The religious implications of Vedantist monism were not very different from those of Sankhya pluralism. For Vedanta, like Sankhya, the problem was not real contamination or separateness or evil, but the misleading appearance from which true knowledge could free men. To gain this true knowledge could not be merely a matter of rational assent to the doctrine that Atman is Brahman. It must be, also, progressive experiential realization of this unity. For this purpose, psychic disciplines like those associated with Sankhya were appropriate.

In the account of these Indian philosophies, it has been necessary to introduce a term heretofore avoided -- the term "self." In our Western usage, it is tempting to identify the self with the seat of existence as defined in the preceding chapter. For us, the self is the center from which our conscious experience is organized. However, this identification cannot be made in a comparative study such as this one.

The seat of existence of Hindu man, no less than of Western man, was in the rational consciousness, and he recognized the natural tendency to identify this with his self. But precisely this tendency is what he rejected, and this in diverse ways. Atman, which is translated as "self," had connotations of ultimacy and self-identity that did not fit the seat of existence. The Indian recognized, as few Westerners have done before modern times, how much of the psychic life is organized around centers largely independent of the seat of existence.
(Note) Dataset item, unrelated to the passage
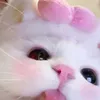 _meowng_
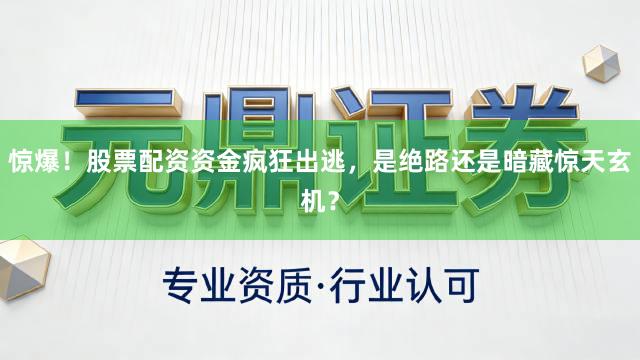 惊爆！股票配资资金疯狂出逃，是绝路还是暗藏惊天玄机？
Hence, he sought to overcome the habit of self-identification with the seat of existence and to discover the true self as something quite different. Such an undertaking required a type of awareness of the psychic processes rarely attained in the West. In the West, the identification of the self with the seat of existence has been virtually unquestioned until recent times, although many of the connotations of the Indian Atman have confusedly been associated with it.

The most important individual figure to appear in the axial period of Indian history was Gautama Buddha. His focus of interest, like that of the schools discussed above, was release or salvation from the endless and meaningless chain of being. But his reflection was, in some respects, more radical than the others. The transition from archaic to axial modes of thought had occurred in India without a sharp break. Metaphysical reflection had continued to employ categories derived from the mythical background and context of thought. Metaphysics and myth interpenetrated each other and lived comfortably in mutual tolerance. Down to the present day, the Indian thinkers, who employ the most lucid rationality in their own reflection, often defend the appropriateness of religious practices on the part of the masses that have almost unbroken continuity with the mythical past. Since axial man had appeared in India without demanding any radical break with the past, he left the masses largely undisturbed in their preaxial state.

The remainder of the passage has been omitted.